Regionalism & A Word of Caution 

There's been a lot of discussion of the collapse of the Democratic Party in the South. That's fair. The numbers are indisputable, from governorships to House seats to Senators to state legislatures. The lineup is making is structurally impossible for the Democrats to take back the House, difficult to be competitive in the Senate, and puts them at a large disadvantage in the Electoral College.

And yet.

Take a look at the Northeast. See any red? Me either.

Take a look at the margins in these states. Aside from Pennsylvania and New Hampshire, they weren't even close. In the upper midwest, with the exception of the Illinois Implosion, the party is still competitive, or newly competitive.

The party remains viable in most of those states. A number have Republican governors. Left-leaning or centrist Republicans can get elected to the Senate. Connecticut and New Hampshire can still elect Republican congressmen. But the parties have shown steady erosion.

Among state legislatures, the Republicans control only 6 chambers total in that blue region: New Hampshire and Pennsylvania outright, and splitting New York and Delaware. This is an even worse showing than the Democrats in the south.

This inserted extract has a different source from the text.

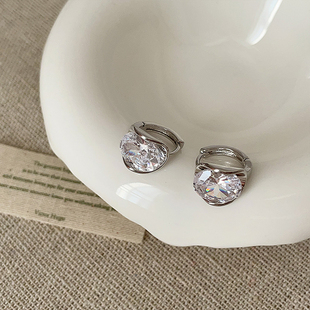 高级感冰透细闪锆石耳扣女简约清新个性 潮流百搭耳环耳饰 精致时尚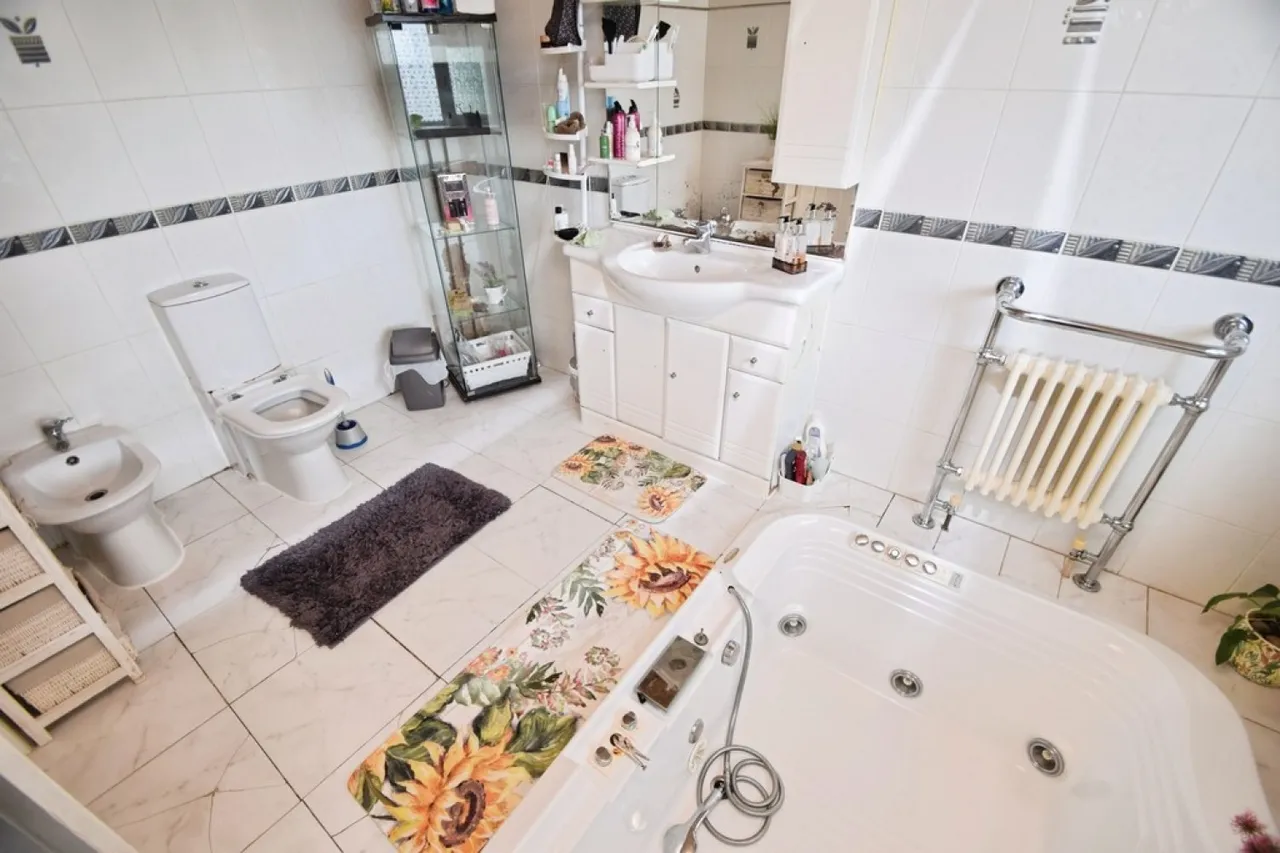 Aireville Rise, Bradford, West Yorkshire, photo 12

Over time, voters will discover that they're happier voting for left-leaning Democrats than for left-leaning Republicans who lose their power to Southern conservatives and vote with a conservative caucus. More blue; less red.

There's a reason that George Pataki and Rudy Giuliani will never win the nomination. They may be law-and-order, strong-defense Republicans. But neither really has much spending discipline, and both are pretty leftish on social issues. It's a reason that there are so few northeastern Republicans in leadership positions, and as Powerline points out, it costs us more than distinctive rhetoric.


Watching Giuliani reminded me of one of the costs of the party's decline in the Northeast. The party's leaders are now generally Southwestern and Midwestern; as such, their styles tend to be laconic and soft-spoken. Giuliani is urban, Italian and Northeastern to the core, and he needed those traditions to deliver the speech he gave last night.


This needs to be addressed. Just as smart Democrats are looking to reconnect with the south, so smart Republicans need to find a way to make their party acceptable to people in New York. A national party needs to have national acceptance. First of all, not everything that turned red last night will always be so reliable. Look at what happened in Colorado. Secondly, as the Democrats are finding out, the longer you're out of touch with one part of the country, the harder it gets to reconnect. It also becomes more difficult to govern that part of the country, to draw on its talents and resources when they're needed.

The President has put together a remarkable coalition, but like all political achievements, it's written on water. Probably sooner than we think, we'll either need, or regret not having, one or more of those states.